The Trembling Prairie

It has been repeated so much that it has become a cliché. Worse than a cliché, it has become an accepted reality as certain as the sun rising in the east and the falling of leaves in autumn. Complete the sentence yourself: “Louisiana loses the equivalent of a football field every _____ minutes?” Every 50 minutes? Every 45? How many? Whatever the answer, the results are the same. The Louisiana coast, the base of the Acadiana triangle, is slipping inexorably into the bottom of the Gulf of Mexico. We know the presumed guilty parties: the containment of the Mississippi, which prevents the deposit of mud and fresh water in the swamps; the infiltration of saltwater brought by the countless channels network serving the oil industry; slow and ruthless rising of the sea level; the incalculable damage caused by the ravages of one hurricane after another. We have heard the stories and seen the loss with our own eyes. Places that once were used as pastures for cattle; gardens for tomatoes, okra and sweet peppers; or playgrounds and hunting grounds for young people today are under 3 feet of water. We know the culprits, but can we stop them?

In my youth, my family spent summers on Grand Isle. We played a little game to be the first to see the Leeville Bridge. Often we stopped to see family who ran a small store and visit the grave of my great-grandfather, a German immigrant abandoned by his father, who was a widower, to a Cajun family in 1850. The cemetery was oriented toward the bayou and not towards Louisiana 1. My father reminded me that for a long time, there was no road and even when there was one, it was in very poor condition most of the time. Life transpired on the bayou. Today, the dead turn their backs to the road, figuratively speaking, and it is we, the living, who turn our backs to the bayou.

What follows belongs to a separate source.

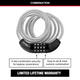 Master Lock Combination Bike Lock - 1.8m x 8mm Braided Steel - Keyless Security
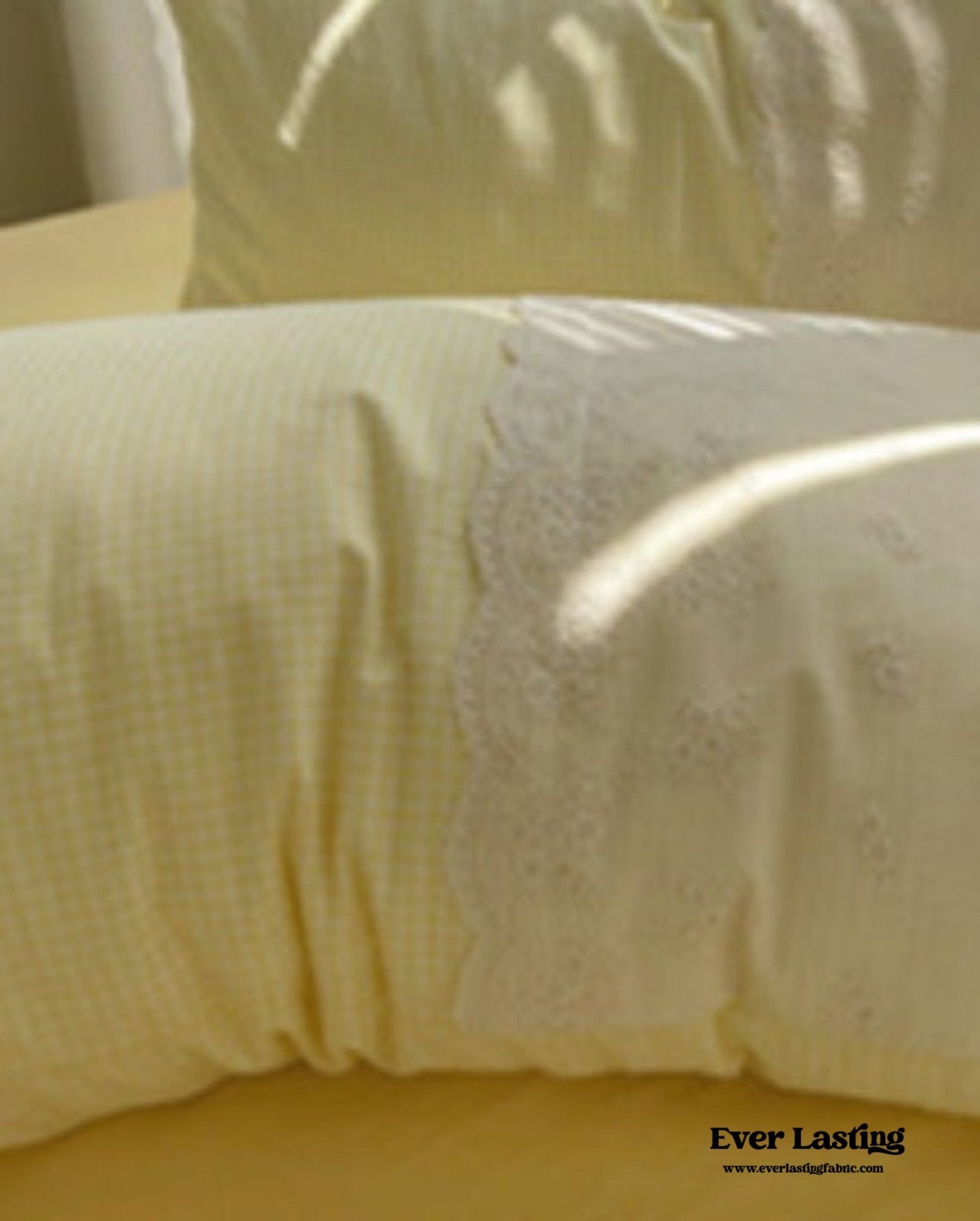 Sophia Gingham Lace Washed Cotton Bedding Set / Pink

In any case, when we got back on the road to my grandfather’s camp, we necessarily took the bridge crossing not only Bayou Lafourche but also a channel connecting Little Lake to Barataria Bay. At the junction of two waterways was another small cemetery that you could see very clearly from the top of the bridge, as well as hundreds, thousands of acres of trembling prairie, that uncertain land that moved with the tides. Today, a new bridge is there, accompanied by a raised road like the bridge over the Atchafalaya Basin. Instead of contemplating the beauty of this scene of lush green grass gently lulled by the Gulf breeze and the serenity worthy of the last rest of our ancestors, it is difficult to distinguish the bayou from the channel, the channel from the cemetery. One sees little else than water as far as one’s eyesight carries.

Few things scare me. In fact, there are only two things that give me cold sweats. The first is a map of Louisiana showing how the coast will look in just 50 years. Thousands of small bays, bayous and islands have disappeared or almost. The second is a recurring dream, a nightmare really, I have. I’m going down LA 1 again as I have done all my life. I get to the locks south of Golden Meadow, and I go up the small levee separating those who will be protected from rising waters, at least for a few years, from those who are not. When I go down the small slope on the other side, rather than seeing the homes and small fishing shops, I only see the road that plunges into the water. The rest is the Gulf of the Mexico. So what can we do? Many people smarter than I are trying to find a solution. While awaiting their response, I tremble like the prairie of my youth when I think about all we will lose if we lose the coast. It is time we stop turning our back on the bayou.